Dataset entries:
┌──

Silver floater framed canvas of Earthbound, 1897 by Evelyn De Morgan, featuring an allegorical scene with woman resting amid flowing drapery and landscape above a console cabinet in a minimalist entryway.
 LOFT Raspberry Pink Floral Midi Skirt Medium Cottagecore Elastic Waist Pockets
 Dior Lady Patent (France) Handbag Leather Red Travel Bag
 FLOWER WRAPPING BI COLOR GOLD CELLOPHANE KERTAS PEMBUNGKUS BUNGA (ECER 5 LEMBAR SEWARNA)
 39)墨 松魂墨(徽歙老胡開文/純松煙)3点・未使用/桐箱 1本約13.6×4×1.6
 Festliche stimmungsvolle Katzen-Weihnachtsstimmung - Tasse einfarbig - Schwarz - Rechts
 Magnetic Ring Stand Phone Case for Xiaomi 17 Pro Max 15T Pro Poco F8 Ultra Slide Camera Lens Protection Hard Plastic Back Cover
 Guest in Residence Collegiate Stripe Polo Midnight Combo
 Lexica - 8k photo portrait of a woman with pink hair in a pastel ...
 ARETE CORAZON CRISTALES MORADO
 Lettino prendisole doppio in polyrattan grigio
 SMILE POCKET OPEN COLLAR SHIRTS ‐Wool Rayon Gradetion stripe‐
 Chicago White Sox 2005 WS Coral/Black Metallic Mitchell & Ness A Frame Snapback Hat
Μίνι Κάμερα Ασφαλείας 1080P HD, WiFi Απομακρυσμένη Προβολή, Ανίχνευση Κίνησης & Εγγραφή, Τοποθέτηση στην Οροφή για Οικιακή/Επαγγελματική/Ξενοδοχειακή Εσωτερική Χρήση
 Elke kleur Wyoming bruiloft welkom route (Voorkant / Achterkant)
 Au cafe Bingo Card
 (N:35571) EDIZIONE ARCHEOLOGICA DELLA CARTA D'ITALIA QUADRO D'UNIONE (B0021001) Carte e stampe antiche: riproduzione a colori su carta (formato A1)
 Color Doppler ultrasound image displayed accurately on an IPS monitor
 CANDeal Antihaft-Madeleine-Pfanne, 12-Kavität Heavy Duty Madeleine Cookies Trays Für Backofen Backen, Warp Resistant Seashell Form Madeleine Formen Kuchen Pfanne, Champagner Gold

└──

Aim of the exercise: Some lines contain the word "with". Pull each one out of the listing.

Result of the exercise:
Silver floater framed canvas of Earthbound, 1897 by Evelyn De Morgan, featuring an allegorical scene with woman resting amid flowing drapery and landscape above a console cabinet in a minimalist entryway.
 Lexica - 8k photo portrait of a woman with pink hair in a pastel ...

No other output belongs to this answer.